Re: [PATCH v2] thunderbolt: prevent XDomain delayed work use-after-free on disconnect

From: Mika Westerberg

Date: Thu May 28 2026 - 06:12:35 EST


Hi,

On Wed, May 27, 2026 at 07:46:04AM -0400, Michael Bommarito wrote:
> tb_xdp_handle_request() runs on system_wq and queues
> xd->state_work via queue_delayed_work() in three request handlers:
> PROPERTIES_CHANGED_REQUEST, UUID_REQUEST (via start_handshake),
> and LINK_STATE_CHANGE_REQUEST. Similarly, update_xdomain() queues
> xd->properties_changed_work when local properties change.
>
> Concurrently, tb_xdomain_remove() calls stop_handshake() which does
> cancel_delayed_work_sync() on both delayed works. Later,
> tb_xdomain_unregister() calls device_unregister() which eventually
> frees the xdomain. Since commit 559c1e1e0134 ("thunderbolt: Run
> tb_xdp_handle_request() in system workqueue") moved the request
> handler off tb->wq, the handler and the remove path are no longer
> serialized. If queue_delayed_work() executes after
> cancel_delayed_work_sync() but before the xdomain is freed, the
> delayed work fires on a freed object.
>
> Add xd->removing that tb_xdomain_remove() sets under xd->lock
> before calling stop_handshake(). Each external queue site holds
> the same lock and checks removing before calling
> queue_delayed_work().

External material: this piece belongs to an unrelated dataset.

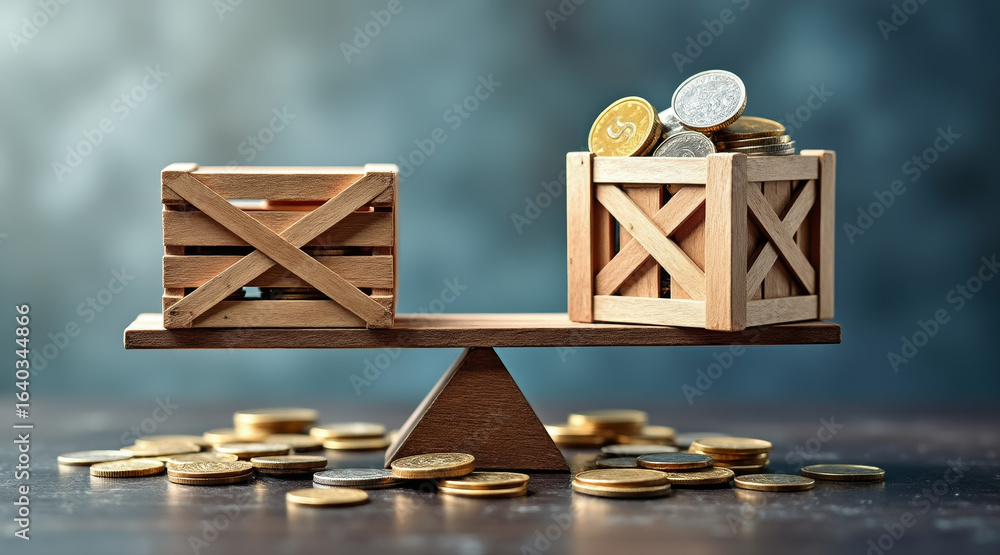 Poster visual balance of coins and crates symbolizes value and trade, showcasing thoughtful metaphor for ec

This provides the mutual exclusion needed:
> either the queue site acquires the lock first and queues work that
> the subsequent cancel will see, or the remove path acquires the
> lock first and the queue site observes removing == true and skips
> the queue.
>
> Fixes: 559c1e1e0134 ("thunderbolt: Run tb_xdp_handle_request() in system workqueue")
> Cc: stable@xxxxxxxxxxxxxxx
> Assisted-by: Claude:claude-opus-4-7
> Signed-off-by: Michael Bommarito <michael.bommarito@xxxxxxxxx>
> ---
> v2: Rebased onto thunderbolt.git/next per Mika's request. Verified
> the race persists on next: tb_xdp_handle_request still runs on
> system_wq, the remove/unregister split does not add
> synchronization with the queue sites. Updated commit message to
> reflect that tb_xdomain_unregister() now does the
> device_unregister (split from tb_xdomain_remove on next).

Thanks Michael! Applied to thunderbolt.git/next. I would like to keep this
one for a while in linux-next and then send it with the rest for v7.2-rc1
where stable folks can then pick it up.